側近自身、伝える時に握り手を強くしすぎて血が滲ませていたというのに。
「あ……貴方、手を怪我しているではないですか」
しかしそれは直ぐ様玉藻前に見つかってしまう。それで漸く己が自傷行為をしていたことに気付いた側近は慌てて怪我をした腕を背中に隠し___
「あ、ああこれは先程剣の稽古の時に切れていたみたいで……」
と、咄嗟に側近は嘘を吐き、手の怪我を誤魔化した。
__それが嫉妬による自傷行為だということを悟られないように。
「此方へおいでください」
「は、はあ」
玉藻前の言葉につられるまま、側近は彼女の元へと近付いていく。
その歩いていく最中、彼は内心、色々な思考が張り巡らされ、今にも頭が破裂しそうなほど参差錯落していた。
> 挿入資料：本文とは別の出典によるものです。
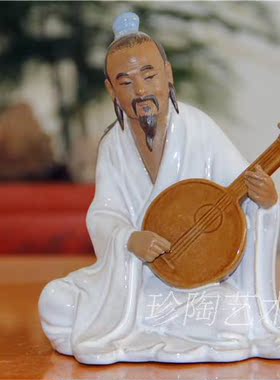 雕塑石湾公仔艺术风高档作品抚琴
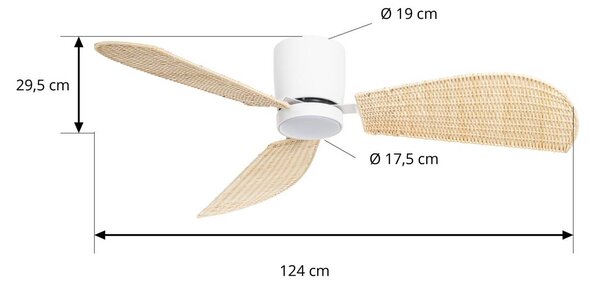 Wentylator sufitowy LED Lucande Faipari, biały/rattan, DC, 132 cm Faipari, biały / opal, salon / jadalnia, drewno, nowoczesny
「(たった数歩の距離が長い。玉藻前様が私めを見てくださっている。これから何をされるのだろうか。傷を蔑ろにしていたことに咎められるのだろうか。それとも治療してくださるのだろうか。それにしても長い。まるで私の歩いている地だけ後ろに動いているかのようだ。ああ、玉藻前様はいつもお美しい。何故この方はあのような塵芥のことを好いておるのだ。あの陰陽師、いつか必ずや……)」
この有り様である。途中から関係のないことに逸れてしまっている始末。
そんな塵芥な思考を張り巡ら背ているうちに、彼は玉藻前の前まできていた。
「その手を」
「はい……」
そして玉藻前に怪我をしている手を差し出すと、彼女は優しくその手に触れ、怪我の具合を診始めた。
「!!!?」
「これはまた、深く切れております。早く処置をしなくては」
そう言って手巾を取りだし、側近の手に巻き付ける。
「今すぐ医者に診てもらった方が宜しいかと……」
手巾から血が滲むのを見て、改めて傷の深さを実感させる。側近はそれほどまでに手を力強く握り締めていたのだ。どれ程安倍泰成に対しての嫉妬が深いのかが窺える。
「……」
「? どうしました?」
「……」
玉藻前の返答に応じない彼。
彼女の呼び掛けに答えないなんて珍しい、と隅にいる侍女は思っていたが、その数秒後、玉藻前の発言により何故彼が玉藻前の事を無視したのかが解った。
「き、気を失ってる……」
「え!?」
彼の目の前にいた玉藻前の驚愕の発言を聞いた侍女は思わず素っ頓狂な声を上げる。
そう、側近は想い人に手を触れられたお陰で、極度の興奮状態となり、脳が反射的に意識を手放してしまったのだ。
「……」
「……」
その異様なる光景を目の当たりにした女二人。
ただただ驚愕に支配された顔付きを溶けぬまま、五分ほど無為なる時間を過ごすこととなった。